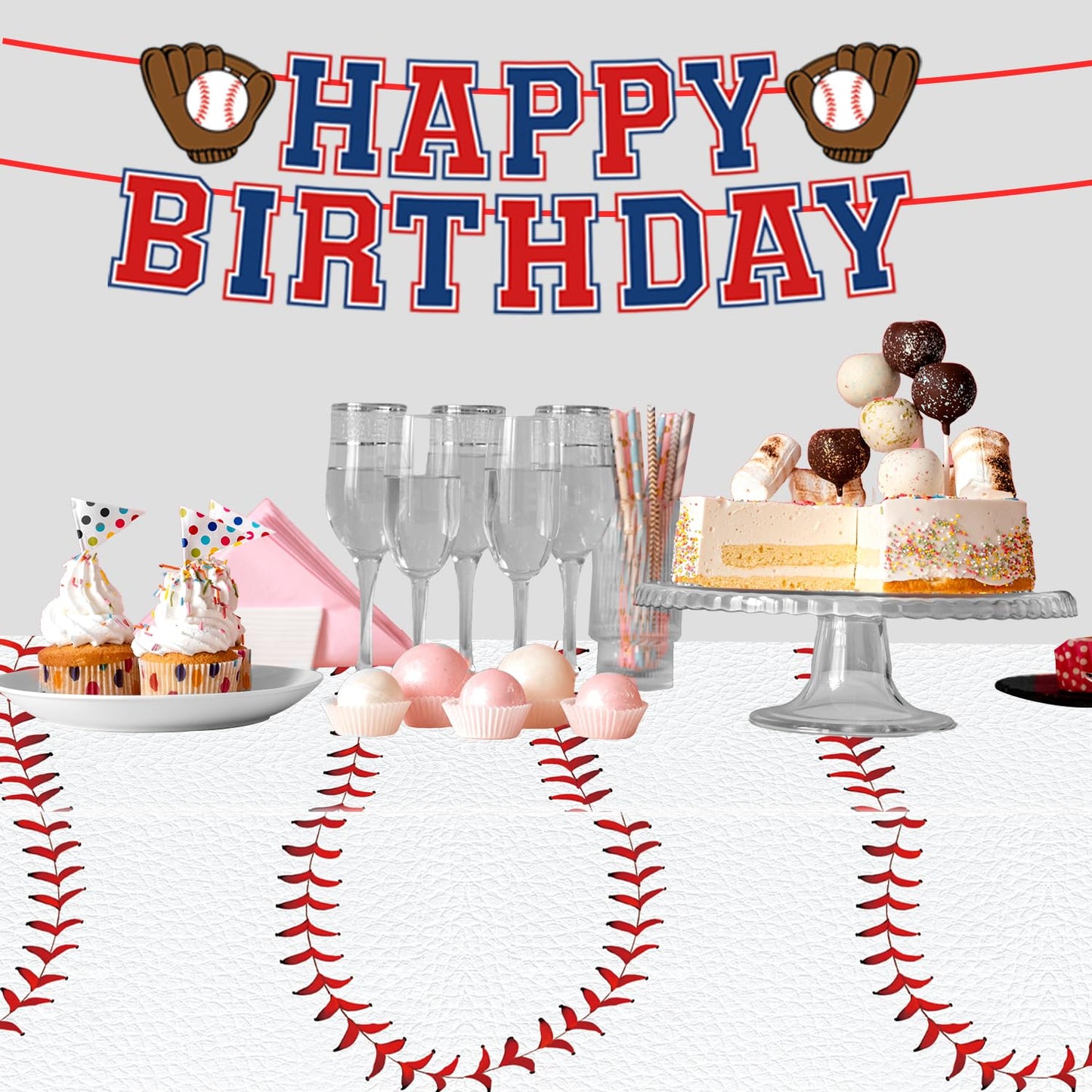 Oigco Baseball Tablecloths – 4-Pack Disposable Plastic Table Covers, 54 x 108 in, Baseball Party Decorations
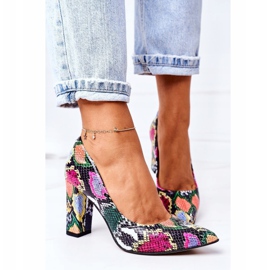 Leather Pumps With Snakeskin Pattern Lewski Shoes 2453 Colorful multicolored 1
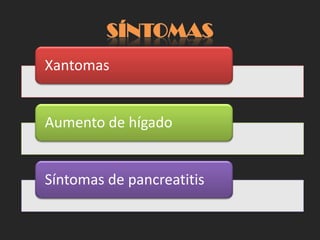 SÍNTOMAS
Xantomas


Aumento de hígado


Síntomas de pancreatitis
 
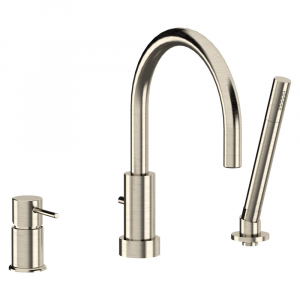 MISCELATORE BORDO VASCA SLIM a 3 FORI VISUAL INOX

---+---

About this exercise
Beginning at the line that holds "Aumento de hígado" and ending with the last line of the entries, please set down each line exactly, leaving every picture out.

Solution
Aumento de hígado


Síntomas de pancreatitis
 
 MISCELATORE BORDO VASCA SLIM a 3 FORI VISUAL INOX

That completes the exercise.